After the highs of 2021, fintech funding came crashing down. As 2022 rolled out, it became clear the bubble was no more. As inflation started to creep up, cash-strapped startups started to fall, and the drops seen in public markets started to ripple into private.
At the beginning of this year, the trend continued. Valuations dropped across the board, and funding round announcements matching those in the 2021-early 2022 fintech frenzy became increasingly sparse. VC “dry powder” mounted, ready to deploy as investors scaled back on their “FOMO” from the years prior and adjusted their risk appetite.
“We’re still in the middle of it,” said David Jegen, Co-Founder of Fintech Sandbox and a Partner with F-Prime Capital. “There is more conservatism in investing (this year). While there is a lot of capital still ready to be invested and has been invested, people are more careful about the kinds of risks or how much risk they take. I think that until we feel that there’s more of an understanding of where the floor is, there will be some more attention to those lower risk factors.”
However, he explained, there are still some fintechs that have broken the mold.
“I’m experiencing the greatest dispersion in valuations and kind of company performance that I’ve seen in a long time,” he continued. “There are some valuations that look like 2021 valuation and reflect a certain enthusiasm, where people feel like there’s something really exceptional here and warrant that. Then others have clearly corrected to something that looks like an earlier era.”
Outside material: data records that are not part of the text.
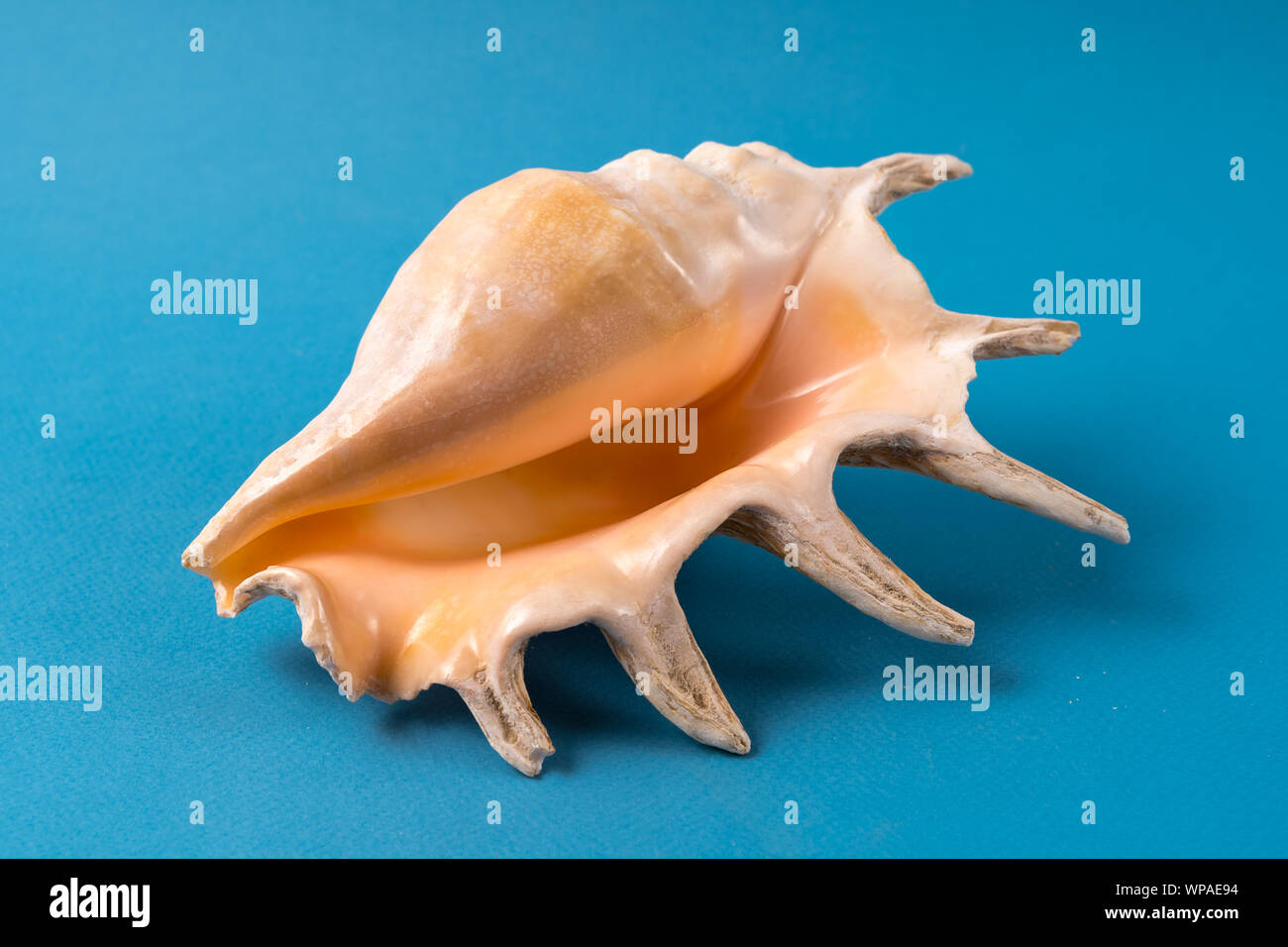 Front view the sea shell isolated on blue background. Stock Photo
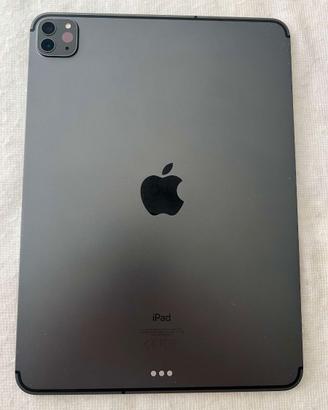 APPLE iPad 11 pro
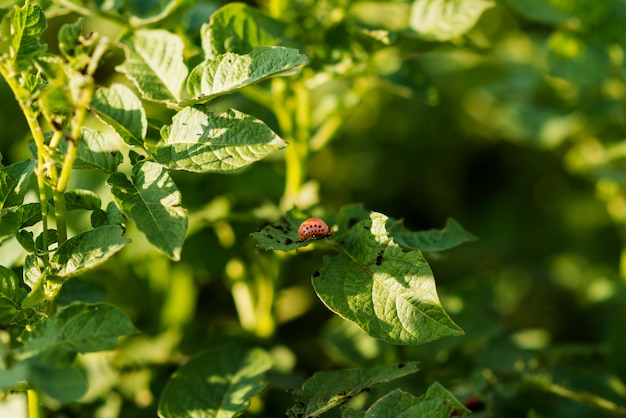 Foto gratuita campo de plantas de concepto de agricultura ecológica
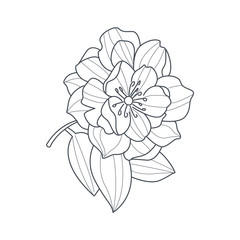 Fully Open Peony Flower Monochrome Drawing For Coloring Book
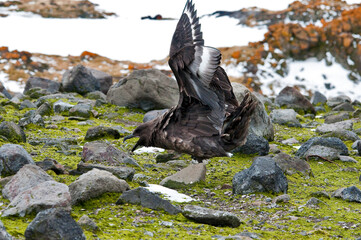 wydrzyk © rubbersoulroad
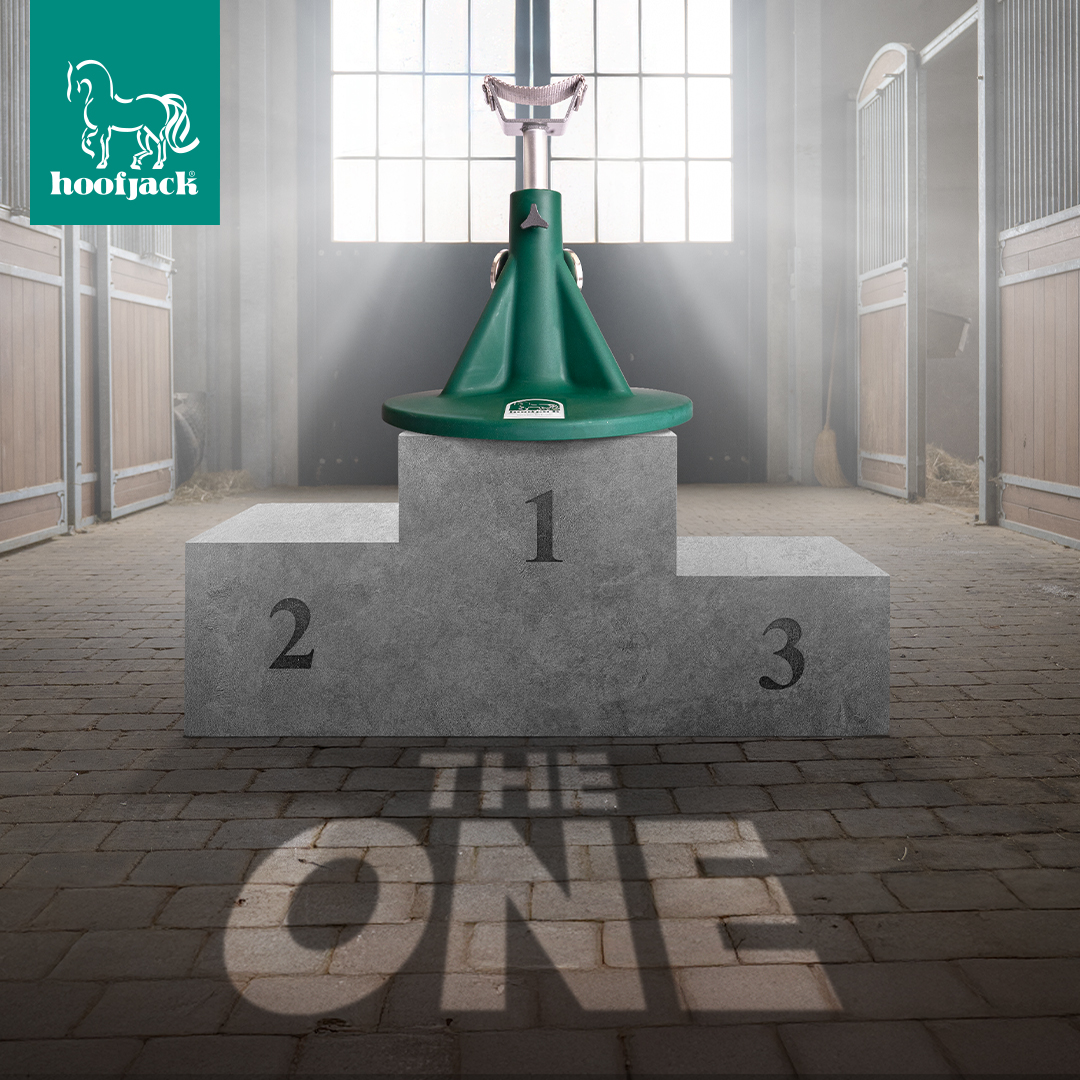 Scarpa Del Cavallo Che è Elaborata Dal Fabbro/maniscalco Fotografia - Foto 7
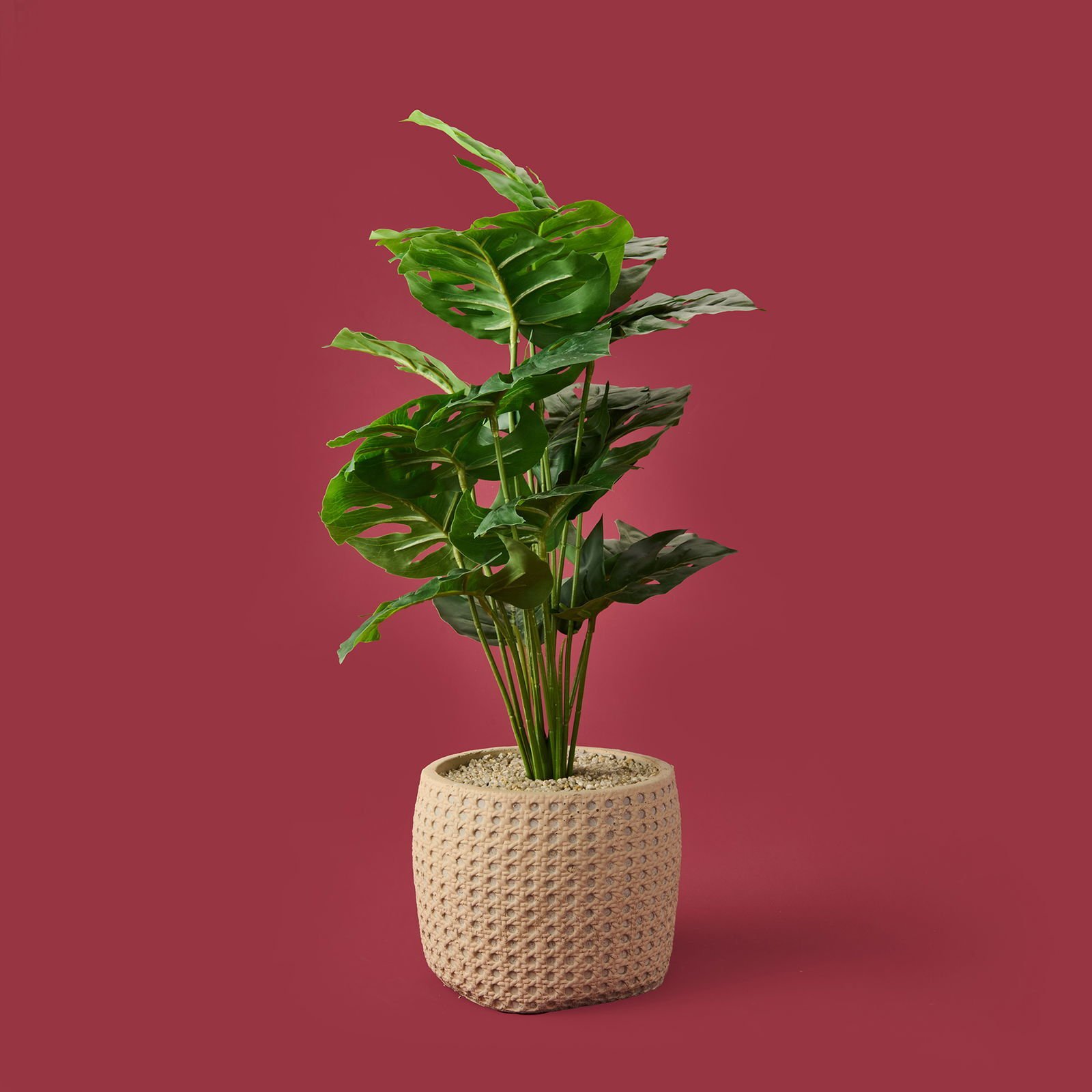 Hasır Saksıda Deve Tabanı - Renkli - 90x26 cm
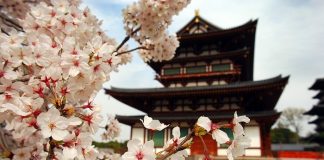 Fest Travel, Japonya’yı sakura zamanında gezecek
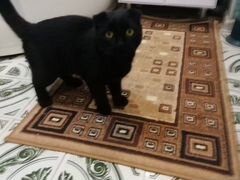 Кот вислоухий, черный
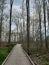 Path in Schmidt Woods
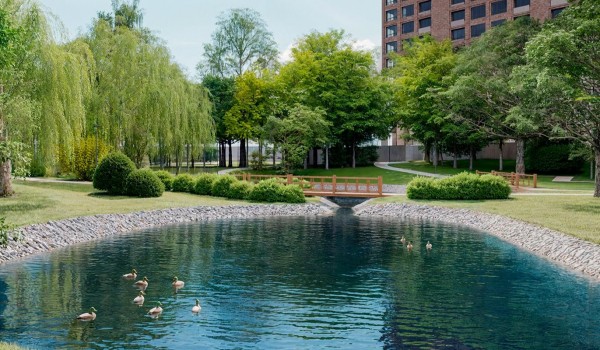 Началась реабилитация Кунцевских прудов на западе Москвы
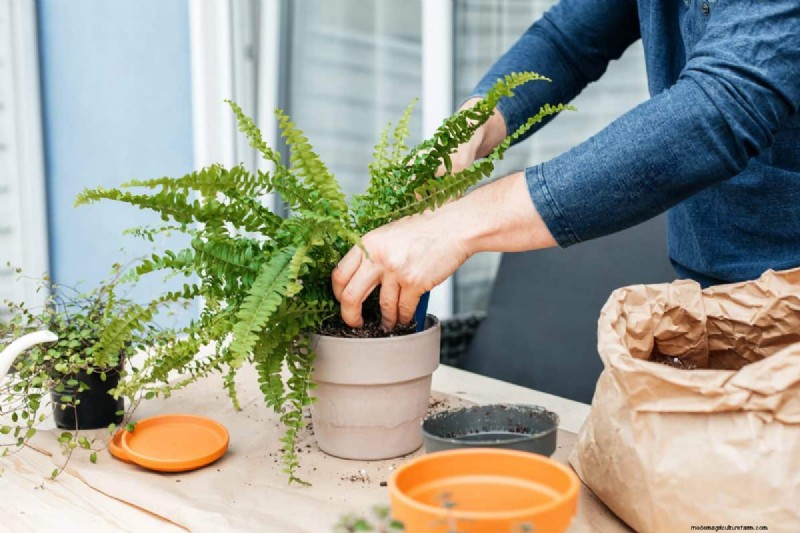 過剰な植え替えの隠れた危険:待つべき25の理由 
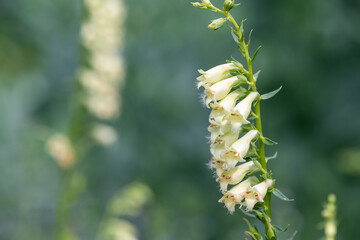Straw foxglove (digitalis lutea) flowers in bloom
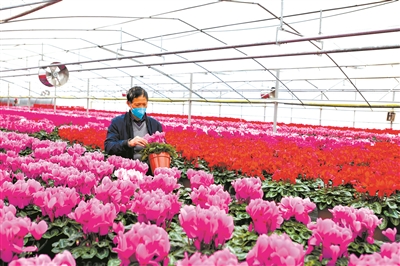 北上廣年宵花市節(jié)日氛圍漸濃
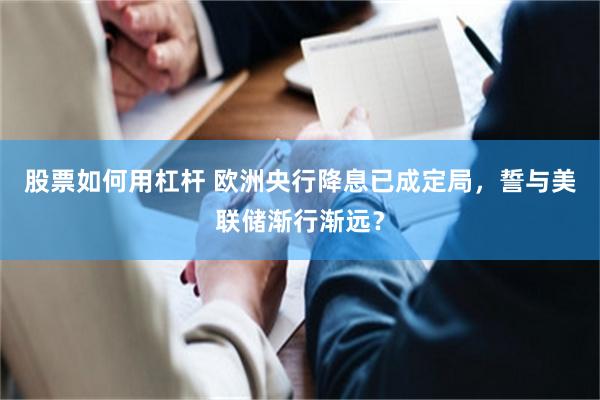 股票如何用杠杆 欧洲央行降息已成定局，誓与美联储渐行渐远？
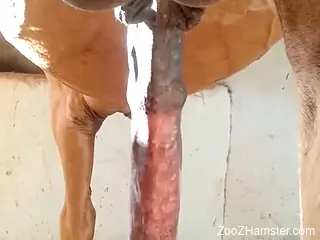 Big dick horse teasing the camera with its size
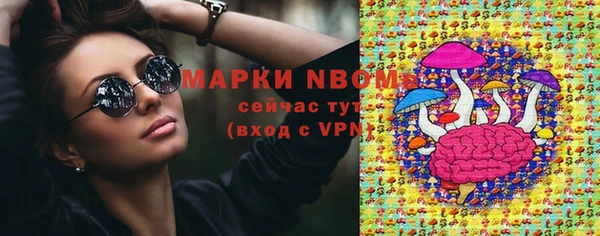 молекула духа Семилуки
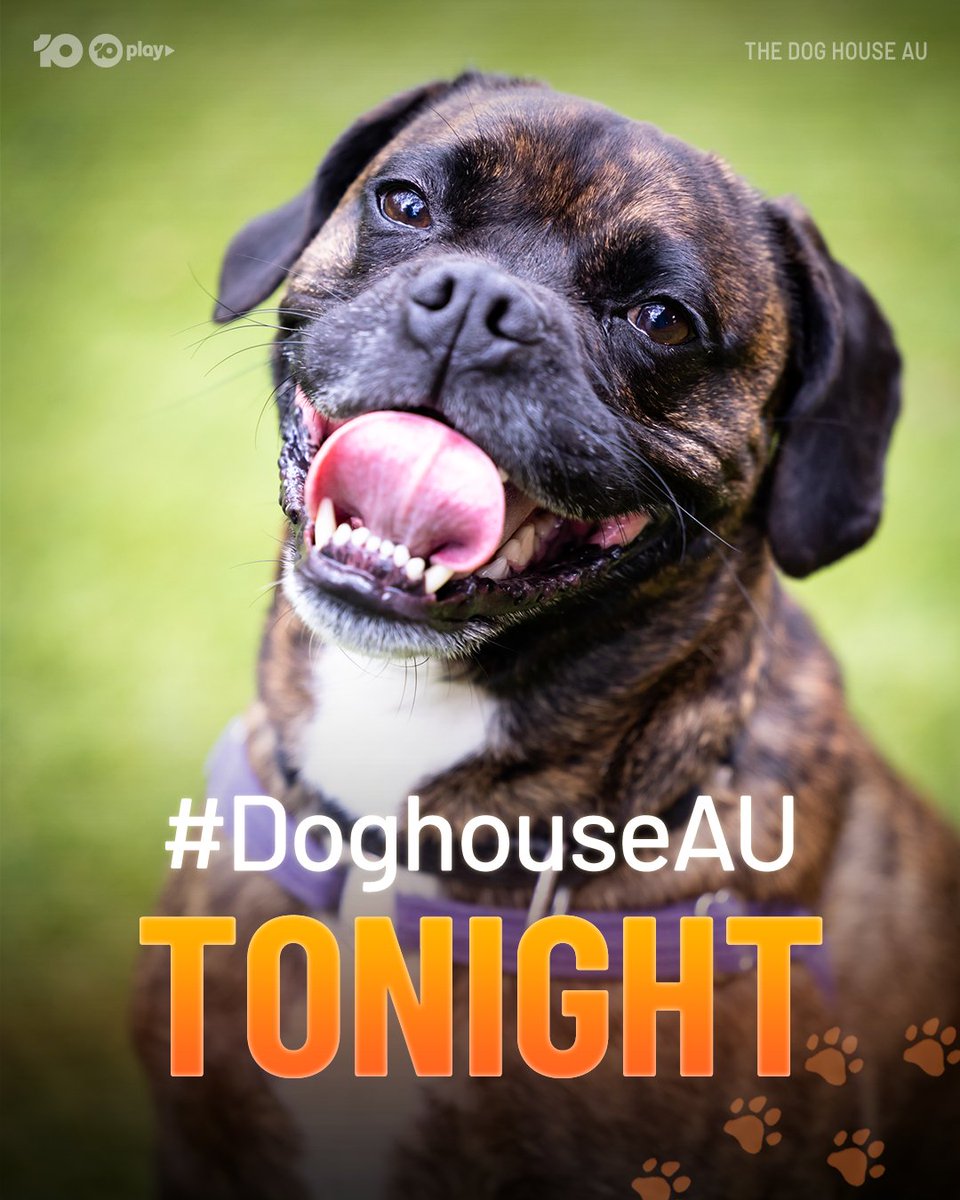 Channel10AU's tweet photo. Tom Gleeson &amp; adorable puppies...what more could you want? 😍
A Shift in Attitudes Towards Risk
Harsh conditions surrounding fintechs, while affecting different sectors disproportionately, have shifted executives’ and VCs’ attitudes to risk. No longer pursuing the “growth at all costs” mindset, the focus has settled on the foundations of their business. For some, this shift has been more difficult, and many startups have failed as a result.
“I think 2021 is an aberration and probably, on most levels, reflected excessive excitement,” said Jegen. “It just happens in markets where everybody kind of moves in a group thing for a while.”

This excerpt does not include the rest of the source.